##### DATA SUPPLIED #####

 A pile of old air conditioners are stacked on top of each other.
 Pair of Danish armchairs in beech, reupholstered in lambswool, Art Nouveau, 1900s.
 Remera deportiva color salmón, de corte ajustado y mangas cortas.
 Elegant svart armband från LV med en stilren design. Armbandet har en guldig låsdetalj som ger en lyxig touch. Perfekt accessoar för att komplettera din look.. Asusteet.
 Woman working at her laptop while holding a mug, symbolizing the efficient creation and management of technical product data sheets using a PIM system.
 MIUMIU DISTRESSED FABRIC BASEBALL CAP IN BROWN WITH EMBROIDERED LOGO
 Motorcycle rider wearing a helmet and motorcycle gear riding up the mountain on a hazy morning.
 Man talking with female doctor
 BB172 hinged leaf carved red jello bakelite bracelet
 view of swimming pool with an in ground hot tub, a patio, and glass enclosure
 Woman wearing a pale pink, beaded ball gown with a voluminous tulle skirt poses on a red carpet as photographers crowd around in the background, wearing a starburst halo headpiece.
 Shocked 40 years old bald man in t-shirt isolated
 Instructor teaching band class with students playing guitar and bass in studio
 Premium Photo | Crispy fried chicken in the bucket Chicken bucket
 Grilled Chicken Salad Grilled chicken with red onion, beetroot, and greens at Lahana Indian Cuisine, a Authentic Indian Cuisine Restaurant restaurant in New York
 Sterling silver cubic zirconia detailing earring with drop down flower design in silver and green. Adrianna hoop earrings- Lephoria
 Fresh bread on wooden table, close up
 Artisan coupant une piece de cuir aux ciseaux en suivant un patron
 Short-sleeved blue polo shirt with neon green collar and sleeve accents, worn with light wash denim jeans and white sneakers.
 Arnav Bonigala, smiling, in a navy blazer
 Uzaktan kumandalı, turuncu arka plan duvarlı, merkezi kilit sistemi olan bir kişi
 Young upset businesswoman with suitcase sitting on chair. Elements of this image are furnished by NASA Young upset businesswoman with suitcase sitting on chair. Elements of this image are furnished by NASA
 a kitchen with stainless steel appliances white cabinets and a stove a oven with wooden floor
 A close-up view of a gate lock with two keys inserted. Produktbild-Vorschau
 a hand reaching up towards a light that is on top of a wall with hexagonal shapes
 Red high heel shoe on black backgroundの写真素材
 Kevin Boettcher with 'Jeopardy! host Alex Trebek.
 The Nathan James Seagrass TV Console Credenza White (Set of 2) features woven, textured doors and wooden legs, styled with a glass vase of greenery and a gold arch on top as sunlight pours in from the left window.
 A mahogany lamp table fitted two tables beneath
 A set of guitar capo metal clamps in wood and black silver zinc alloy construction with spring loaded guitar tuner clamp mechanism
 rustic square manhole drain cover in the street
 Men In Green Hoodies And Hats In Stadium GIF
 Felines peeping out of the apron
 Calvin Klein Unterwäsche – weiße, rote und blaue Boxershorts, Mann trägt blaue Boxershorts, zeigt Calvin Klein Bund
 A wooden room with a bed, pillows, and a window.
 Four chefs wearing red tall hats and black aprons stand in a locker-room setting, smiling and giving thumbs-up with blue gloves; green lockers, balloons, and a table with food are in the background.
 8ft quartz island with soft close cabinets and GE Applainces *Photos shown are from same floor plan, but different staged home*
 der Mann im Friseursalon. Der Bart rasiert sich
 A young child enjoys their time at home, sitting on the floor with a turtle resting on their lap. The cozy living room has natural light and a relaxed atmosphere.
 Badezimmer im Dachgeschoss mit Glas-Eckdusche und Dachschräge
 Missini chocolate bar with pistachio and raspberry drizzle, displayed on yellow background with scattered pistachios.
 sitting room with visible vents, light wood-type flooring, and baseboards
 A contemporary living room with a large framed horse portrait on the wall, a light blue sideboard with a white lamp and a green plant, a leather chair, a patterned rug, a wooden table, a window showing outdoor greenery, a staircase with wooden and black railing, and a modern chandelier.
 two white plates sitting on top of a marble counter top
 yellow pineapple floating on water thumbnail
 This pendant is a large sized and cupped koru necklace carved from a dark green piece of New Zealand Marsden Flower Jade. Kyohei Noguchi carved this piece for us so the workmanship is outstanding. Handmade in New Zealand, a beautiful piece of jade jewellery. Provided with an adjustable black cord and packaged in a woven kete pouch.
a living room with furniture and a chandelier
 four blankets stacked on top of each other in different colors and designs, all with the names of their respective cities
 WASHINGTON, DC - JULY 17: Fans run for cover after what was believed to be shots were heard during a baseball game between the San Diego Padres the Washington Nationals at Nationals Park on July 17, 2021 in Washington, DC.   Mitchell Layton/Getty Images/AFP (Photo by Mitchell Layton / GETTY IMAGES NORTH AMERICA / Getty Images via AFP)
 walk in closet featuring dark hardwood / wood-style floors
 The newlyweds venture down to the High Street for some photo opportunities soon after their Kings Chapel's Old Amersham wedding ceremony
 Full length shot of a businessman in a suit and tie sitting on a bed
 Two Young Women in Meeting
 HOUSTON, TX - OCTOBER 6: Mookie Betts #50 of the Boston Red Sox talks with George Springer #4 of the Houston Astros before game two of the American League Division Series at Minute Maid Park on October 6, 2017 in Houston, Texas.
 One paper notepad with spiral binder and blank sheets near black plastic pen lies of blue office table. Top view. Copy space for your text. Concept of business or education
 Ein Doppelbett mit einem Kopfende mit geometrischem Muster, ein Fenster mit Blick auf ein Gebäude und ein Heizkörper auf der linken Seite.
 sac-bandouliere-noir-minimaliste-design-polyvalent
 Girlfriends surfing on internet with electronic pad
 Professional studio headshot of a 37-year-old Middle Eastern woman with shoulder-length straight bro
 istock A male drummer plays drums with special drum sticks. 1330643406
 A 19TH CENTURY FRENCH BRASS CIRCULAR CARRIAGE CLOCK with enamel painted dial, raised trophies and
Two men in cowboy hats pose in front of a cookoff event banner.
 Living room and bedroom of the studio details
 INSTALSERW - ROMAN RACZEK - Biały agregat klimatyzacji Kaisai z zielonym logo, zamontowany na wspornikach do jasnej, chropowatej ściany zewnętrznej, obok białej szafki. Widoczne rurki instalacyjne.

#####

> [TASK]
Transcribe the entries above word for word, from the first line through the line containing "Grilled Chicken Salad", and nothing else.

> [OUTPUT OF THE TASK]
 A pile of old air conditioners are stacked on top of each other.
 Pair of Danish armchairs in beech, reupholstered in lambswool, Art Nouveau, 1900s.
 Remera deportiva color salmón, de corte ajustado y mangas cortas.
 Elegant svart armband från LV med en stilren design. Armbandet har en guldig låsdetalj som ger en lyxig touch. Perfekt accessoar för att komplettera din look.. Asusteet.
 Woman working at her laptop while holding a mug, symbolizing the efficient creation and management of technical product data sheets using a PIM system.
 MIUMIU DISTRESSED FABRIC BASEBALL CAP IN BROWN WITH EMBROIDERED LOGO
 Motorcycle rider wearing a helmet and motorcycle gear riding up the mountain on a hazy morning.
 Man talking with female doctor
 BB172 hinged leaf carved red jello bakelite bracelet
 view of swimming pool with an in ground hot tub, a patio, and glass enclosure
 Woman wearing a pale pink, beaded ball gown with a voluminous tulle skirt poses on a red carpet as photographers crowd around in the background, wearing a starburst halo headpiece.
 Shocked 40 years old bald man in t-shirt isolated
 Instructor teaching band class with students playing guitar and bass in studio
 Premium Photo | Crispy fried chicken in the bucket Chicken bucket
 Grilled Chicken Salad Grilled chicken with red onion, beetroot, and greens at Lahana Indian Cuisine, a Authentic Indian Cuisine Restaurant restaurant in New York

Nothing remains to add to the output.